CodePoints 3041 through 30FF is Hiragana and Katakana Unicode ranges
Hex E38181 through E381BF, E38280 through E38296 for valid Hiragana display.
Hex E382A0 [CodePoint 30A0] through E382BF continued, E38380 to E383BA [ CodePoint 30FA ] for valid Katakana.

Validation will always have the first octet with bit 8 set as "CF"/"DF" masked as comparison identical to the original octet for a two-octet sequence,
"EF" mask-comparable as equal for a 3-octet encoding and "F7" mask-compare-equivalent for a 4-octet encoded sequence.

Some means of ?optional? rendering of detected UTF8 sequences?

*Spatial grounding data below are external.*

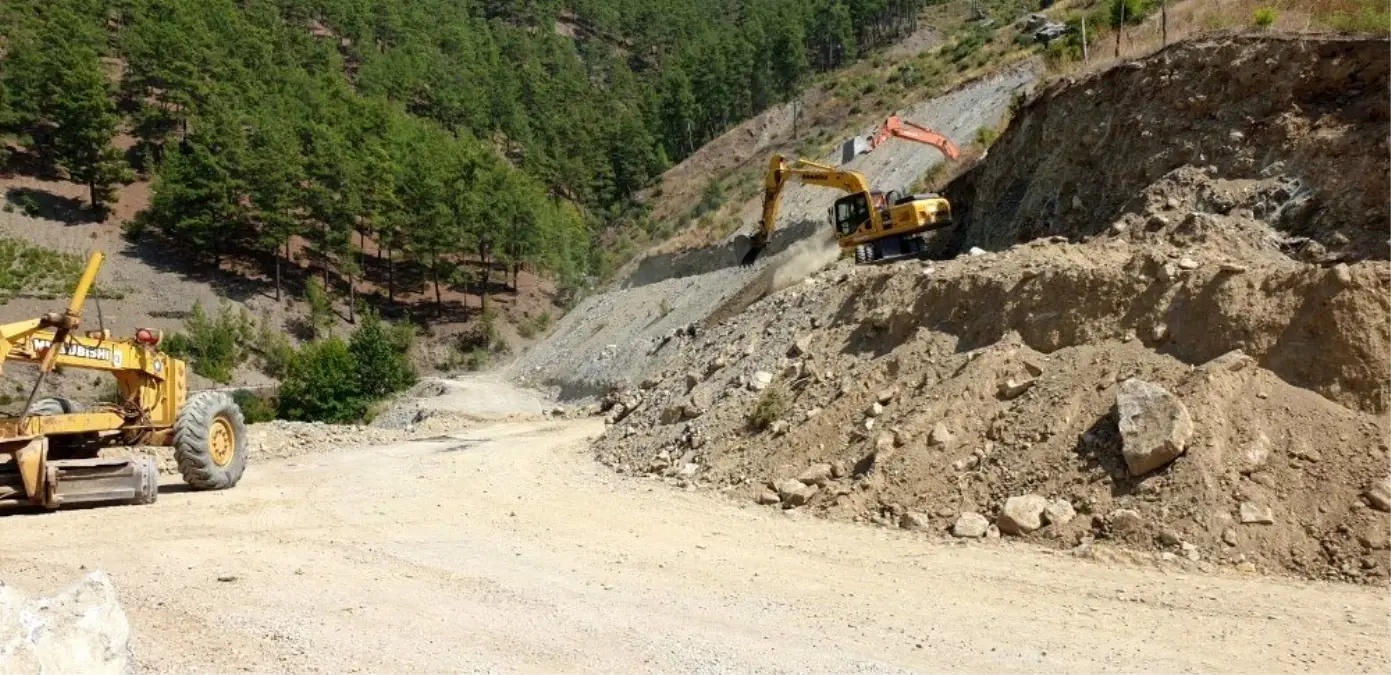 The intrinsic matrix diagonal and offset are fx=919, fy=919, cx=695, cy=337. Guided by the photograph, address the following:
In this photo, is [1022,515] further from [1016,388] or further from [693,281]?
[693,281]

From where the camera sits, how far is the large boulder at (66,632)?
3.77 meters

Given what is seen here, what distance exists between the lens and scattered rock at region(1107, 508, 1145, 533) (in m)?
8.59

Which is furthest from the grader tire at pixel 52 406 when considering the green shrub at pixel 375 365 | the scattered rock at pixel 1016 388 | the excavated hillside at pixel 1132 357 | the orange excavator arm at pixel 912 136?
the orange excavator arm at pixel 912 136

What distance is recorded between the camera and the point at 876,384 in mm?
12898

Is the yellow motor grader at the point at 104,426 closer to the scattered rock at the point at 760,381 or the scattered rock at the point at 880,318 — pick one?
the scattered rock at the point at 760,381

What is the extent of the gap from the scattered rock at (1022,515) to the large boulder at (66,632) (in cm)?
763

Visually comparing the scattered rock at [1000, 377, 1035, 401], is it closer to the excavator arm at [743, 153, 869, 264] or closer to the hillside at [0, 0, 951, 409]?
the excavator arm at [743, 153, 869, 264]

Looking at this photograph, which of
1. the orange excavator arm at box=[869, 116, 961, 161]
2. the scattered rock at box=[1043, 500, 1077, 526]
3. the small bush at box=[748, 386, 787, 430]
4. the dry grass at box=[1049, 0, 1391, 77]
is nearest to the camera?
the scattered rock at box=[1043, 500, 1077, 526]

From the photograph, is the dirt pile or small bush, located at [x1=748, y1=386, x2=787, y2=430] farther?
the dirt pile

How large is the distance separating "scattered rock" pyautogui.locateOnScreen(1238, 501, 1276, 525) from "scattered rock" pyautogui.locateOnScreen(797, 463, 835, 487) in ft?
14.8

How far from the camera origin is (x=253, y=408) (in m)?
33.6

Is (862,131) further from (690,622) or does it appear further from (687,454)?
(690,622)

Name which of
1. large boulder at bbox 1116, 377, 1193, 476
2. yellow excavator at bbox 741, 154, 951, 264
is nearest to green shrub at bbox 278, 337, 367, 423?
yellow excavator at bbox 741, 154, 951, 264

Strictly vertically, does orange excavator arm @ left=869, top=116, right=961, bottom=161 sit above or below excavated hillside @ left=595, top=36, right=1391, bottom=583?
above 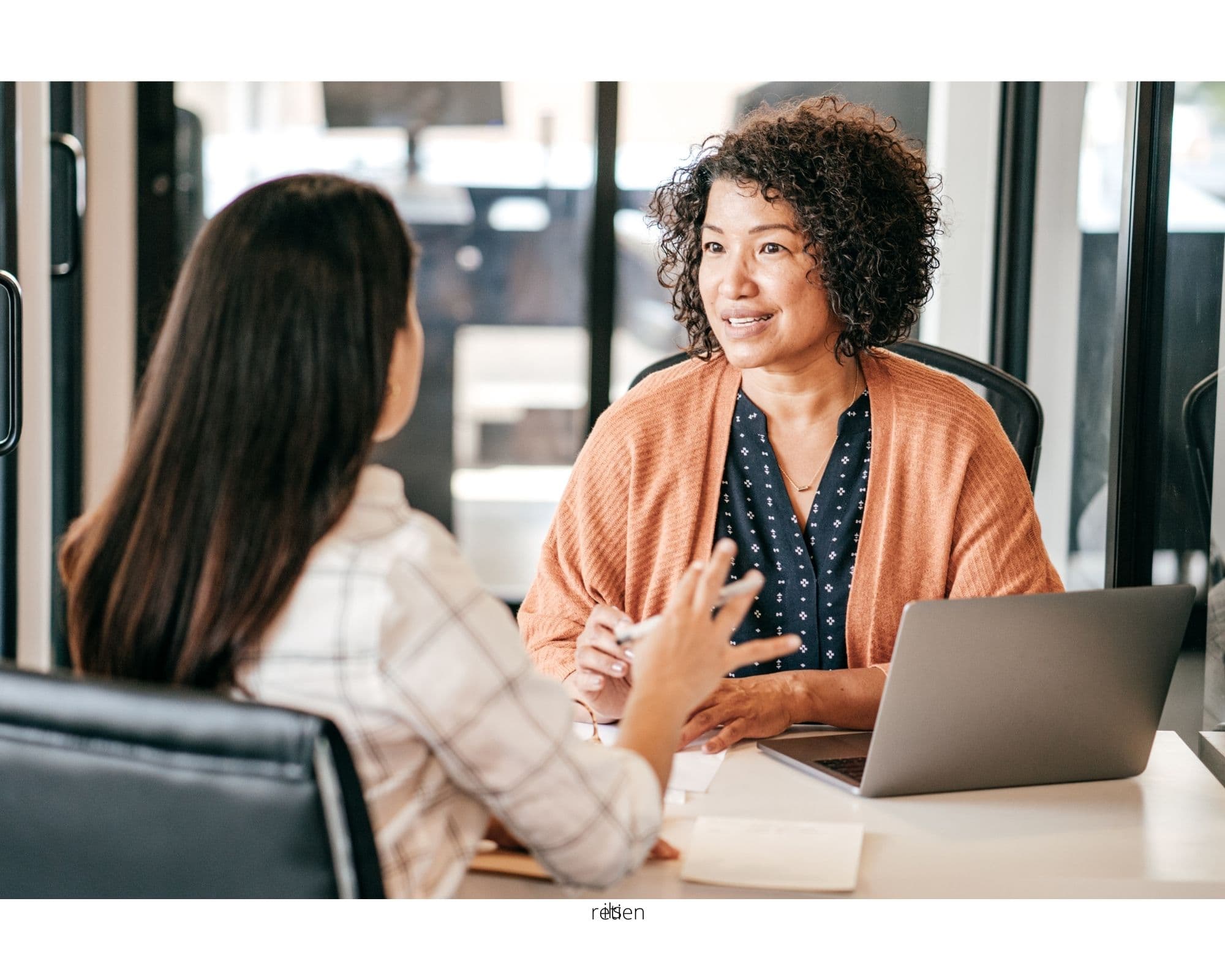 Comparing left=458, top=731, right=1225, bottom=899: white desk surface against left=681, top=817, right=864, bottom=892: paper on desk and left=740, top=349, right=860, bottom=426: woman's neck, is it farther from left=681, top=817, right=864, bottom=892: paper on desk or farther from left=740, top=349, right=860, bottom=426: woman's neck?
left=740, top=349, right=860, bottom=426: woman's neck

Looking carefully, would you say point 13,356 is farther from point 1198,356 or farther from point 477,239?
point 477,239

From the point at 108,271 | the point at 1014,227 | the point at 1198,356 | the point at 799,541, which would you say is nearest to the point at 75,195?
the point at 108,271

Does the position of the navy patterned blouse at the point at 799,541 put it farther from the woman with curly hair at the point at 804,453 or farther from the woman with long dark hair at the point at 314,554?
the woman with long dark hair at the point at 314,554

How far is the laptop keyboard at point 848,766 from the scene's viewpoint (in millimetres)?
1216

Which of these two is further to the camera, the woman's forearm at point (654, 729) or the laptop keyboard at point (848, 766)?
the laptop keyboard at point (848, 766)

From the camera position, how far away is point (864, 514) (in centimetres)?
155

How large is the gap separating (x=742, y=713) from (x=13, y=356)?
3.41 feet

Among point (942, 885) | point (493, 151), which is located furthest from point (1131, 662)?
point (493, 151)

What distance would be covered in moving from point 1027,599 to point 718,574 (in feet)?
0.98

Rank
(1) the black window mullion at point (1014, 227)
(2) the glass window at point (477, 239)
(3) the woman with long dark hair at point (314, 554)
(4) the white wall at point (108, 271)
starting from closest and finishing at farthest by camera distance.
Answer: (3) the woman with long dark hair at point (314, 554) < (1) the black window mullion at point (1014, 227) < (4) the white wall at point (108, 271) < (2) the glass window at point (477, 239)

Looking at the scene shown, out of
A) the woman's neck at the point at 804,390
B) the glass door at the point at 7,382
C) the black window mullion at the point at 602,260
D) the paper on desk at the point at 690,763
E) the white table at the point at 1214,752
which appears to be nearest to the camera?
the paper on desk at the point at 690,763

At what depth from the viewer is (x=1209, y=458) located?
1.62m

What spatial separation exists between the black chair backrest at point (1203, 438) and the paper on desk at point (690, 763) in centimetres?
75

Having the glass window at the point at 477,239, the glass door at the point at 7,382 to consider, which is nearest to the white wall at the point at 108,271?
the glass window at the point at 477,239
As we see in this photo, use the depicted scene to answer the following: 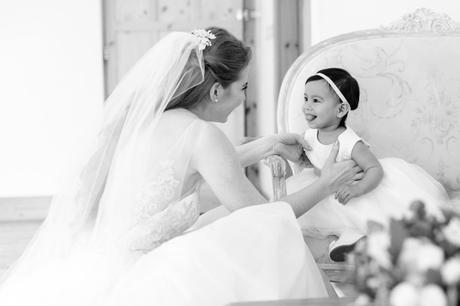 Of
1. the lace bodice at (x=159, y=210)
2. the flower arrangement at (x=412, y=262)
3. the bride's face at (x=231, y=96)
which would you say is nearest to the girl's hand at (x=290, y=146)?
the bride's face at (x=231, y=96)

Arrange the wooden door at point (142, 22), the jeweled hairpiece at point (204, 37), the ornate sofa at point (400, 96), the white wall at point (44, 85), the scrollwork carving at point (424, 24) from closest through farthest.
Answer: the jeweled hairpiece at point (204, 37), the ornate sofa at point (400, 96), the scrollwork carving at point (424, 24), the white wall at point (44, 85), the wooden door at point (142, 22)

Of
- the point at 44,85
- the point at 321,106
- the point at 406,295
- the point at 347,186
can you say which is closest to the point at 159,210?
the point at 347,186

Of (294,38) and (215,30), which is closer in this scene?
(215,30)

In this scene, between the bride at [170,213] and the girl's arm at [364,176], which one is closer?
the bride at [170,213]

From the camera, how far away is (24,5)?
6082mm

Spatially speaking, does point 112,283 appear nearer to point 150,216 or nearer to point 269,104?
point 150,216

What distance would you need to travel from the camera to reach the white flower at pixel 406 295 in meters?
0.86

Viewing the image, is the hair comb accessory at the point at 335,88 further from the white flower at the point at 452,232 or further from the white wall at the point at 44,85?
the white wall at the point at 44,85

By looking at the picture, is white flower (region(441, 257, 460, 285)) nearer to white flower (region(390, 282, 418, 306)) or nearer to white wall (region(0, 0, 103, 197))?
white flower (region(390, 282, 418, 306))

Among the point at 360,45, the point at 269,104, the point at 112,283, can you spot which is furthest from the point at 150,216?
the point at 269,104

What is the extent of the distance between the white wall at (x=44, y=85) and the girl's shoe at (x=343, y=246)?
409 centimetres

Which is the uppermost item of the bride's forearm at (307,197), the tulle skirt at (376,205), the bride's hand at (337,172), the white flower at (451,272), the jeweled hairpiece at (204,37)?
the jeweled hairpiece at (204,37)

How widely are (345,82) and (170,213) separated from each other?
0.91m

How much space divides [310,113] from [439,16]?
76 centimetres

I have several text files I need to edit and I would like to at least clearly see the Ideographs I am working with.
User avatar
colinw
AmigaOS Core Developer
AmigaOS Core Developer
Posts: 207
Joined: Mon Aug 15, 2011 9:20 am
Location: Brisbane, QLD. Australia.

Re: UTF8 Glyph/Ideograph CodePoint validation and Rendering.

Post by colinw »

Belxjander wrote:Can the graphics.library/Text() routine please be modified for the following...
[...]
I have several text files I need to edit and I would like to at least clearly see the Ideographs I am working with.
Me too, join the club, it's hard to read the words to my favorite Klingon Opera.... ;)

It's going to take more than a couple of mods to the Text() function and friends, i'm afraid.
We need a propper rendering engine to provide unicode support, just decoding a UTF-8 byte stream is not going
to do it, that's the really easy part and it's already built-in to the latest beta version of utility.library.

You'll just have to wait until the powers that be, raise unicode rendering to a higher priority, there are somwhat
more pressing issues to solve ATM.
Belxjander
Posts: 314
Joined: Mon May 14, 2012 10:26 pm
Location: 日本千葉県松戸市 / Matsudo City, Chiba, Japan
Contact:

Re: UTF8 Glyph/Ideograph CodePoint validation and Rendering.

Post by Belxjander »

colinw wrote:
Belxjander wrote:Can the graphics.library/Text() routine please be modified for the following...
[...]
I have several text files I need to edit and I would like to at least clearly see the Ideographs I am working with.
Me too, join the club, it's hard to read the words to my favorite Klingon Opera.... ;)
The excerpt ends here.